Otro ejemplo de usurpación cultural sería imitar acentos extranjeros. Y esto tampoco está muy bien visto en muchos ámbitos. En el Reino Unido ya no se puede imitar un acento indio (de la India) –se considera ofensivo–, mientras que imitar otros acentos quizás no tanto. No entiendo del todo el porqué de esta discriminación. Ni quiénes son los que se erigen en los árbitros de lo que se debería considerar impropio. O sea, hoy día una película tal como The Party de Blake Edwards (creo que en España se conoce como El guateque), con Peter Sellers haciendo de indio, sería impensable. El puritanismo carece de sentido de humor o se toma demasiado en serio algo que no va en serio; es como una interpretación equivocada, demasiado literal, de algo que en un principio tiene sentido figurado.

El fin de la ficción

Pero lo peor y lo más absurdo y risible quizás de esta tendencia es que se ha extendido al ámbito de la literatura.
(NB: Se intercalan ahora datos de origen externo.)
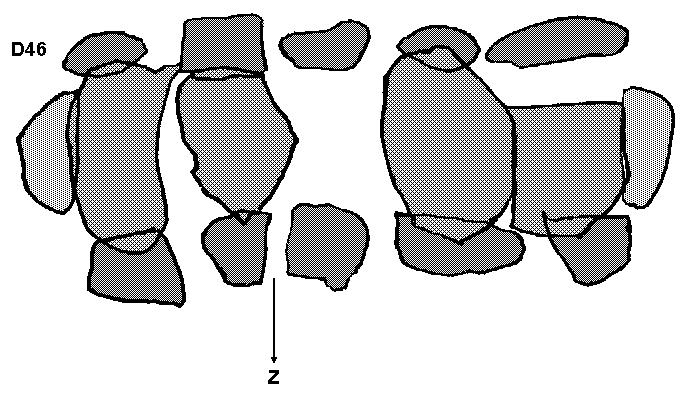 Hunebed D46 in Emmen (Fokkingeslag), gemeente Emmen / Gro�steingrab D46 in Emmen, gemeinde Emmen / All�e couverte D46 � Emmen, commune d'Emmen / Tumba megal�tica D46 en Emmen, municipio de Emmen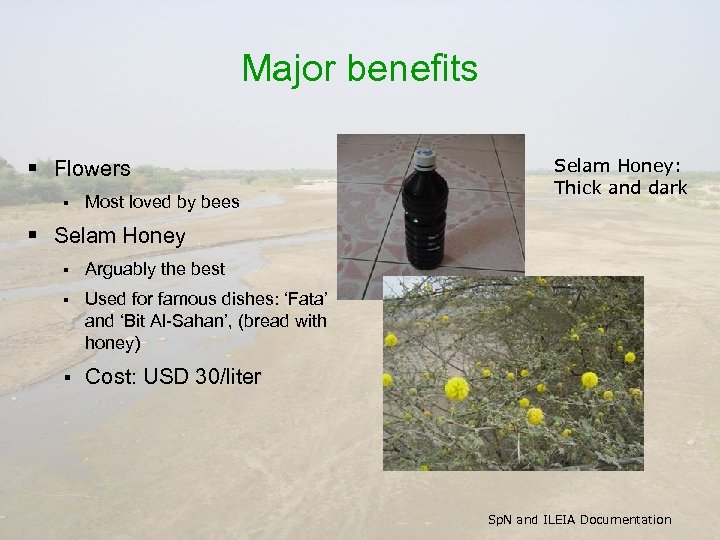 Major benefits § Flowers § Most loved by bees Selam Honey: Thick and dark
Ya se han dado varios casos de una especie de censura de autores cuyas biografías no coinciden con los personajes y las historias narradas, con polémicas suscitadas por novelas tales como American Dirt, la historia de una librera mexicana que huye de los cárteles con su hijo, escrita por Jeanine Cummins, una norteamericana; o Little Bee de Chris Cleeve, autor blanco, británico y varón, que narra su historia desde el punto de vista de una niña nigeriana de 14 años.
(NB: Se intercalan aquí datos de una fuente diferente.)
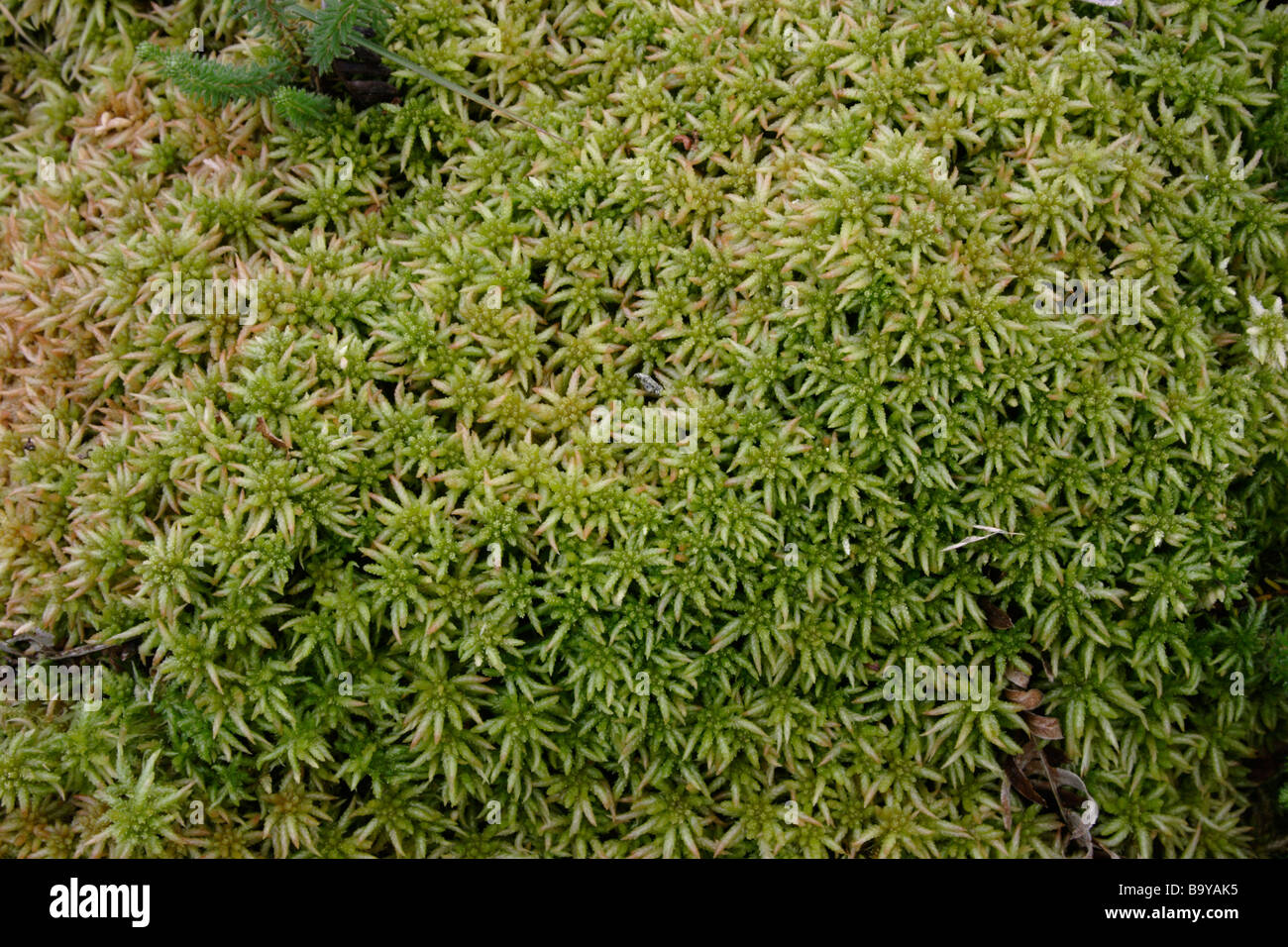 Papillose bog moss Sphagnum papillosum in open woodland UK Stock Photo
De esos casos hablan Javier Marías y Lionel Shriver en un artículo y una conferencia plenaria, respectivamente (La cruzada contra la imaginación de 2020 y Fiction and Identity Politics de 2016). Y ambos concluyen que si se impone esta censura se acabaría con la ficción, puesto que los escritores son los apropiadores por excelencia.
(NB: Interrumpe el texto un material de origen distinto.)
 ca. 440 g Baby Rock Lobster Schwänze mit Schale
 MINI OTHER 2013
En el ámbito de las ficciones, es muy normal, como indica ya el propio término, que se inventen o finjan cosas, que las historias no estén escritas sólo por quienes coinciden, en su biografía, su sexo, su lenguaje, su punto de vista, su voz, etcétera, con los personajes y la peripecia narrada. Es la razón por la que existe Madame Bovary de la novela homónima de Gustave Flaubert; o la Catriona de Robert Louis Stevenson; o la Anna Karenina de Leo Tolstoy; o Victor Frankenstein y su criatura, inventados por una mujer, Mary Shelley; o el detective Poirot de Agatha Christie; o el comisario Guido Brunetti de las novelas venecianas de Donna Leon; o el Heathcliff de Emily Brontë; o el Harry Potter de J.K. Rowling. Y Kafka no era un insecto, como su Gregor Samsa de La metamorfosis; ni Anna Sewell un caballo, como su protagonista Bessie de Belleza negra; ni Jack London un perro, como el Buck de La llamada de lo salvaje. Sin ir más lejos, porque la lista es infinita. Así que déjennos en paz y déjennos fingir, jugar e inventar, por favor.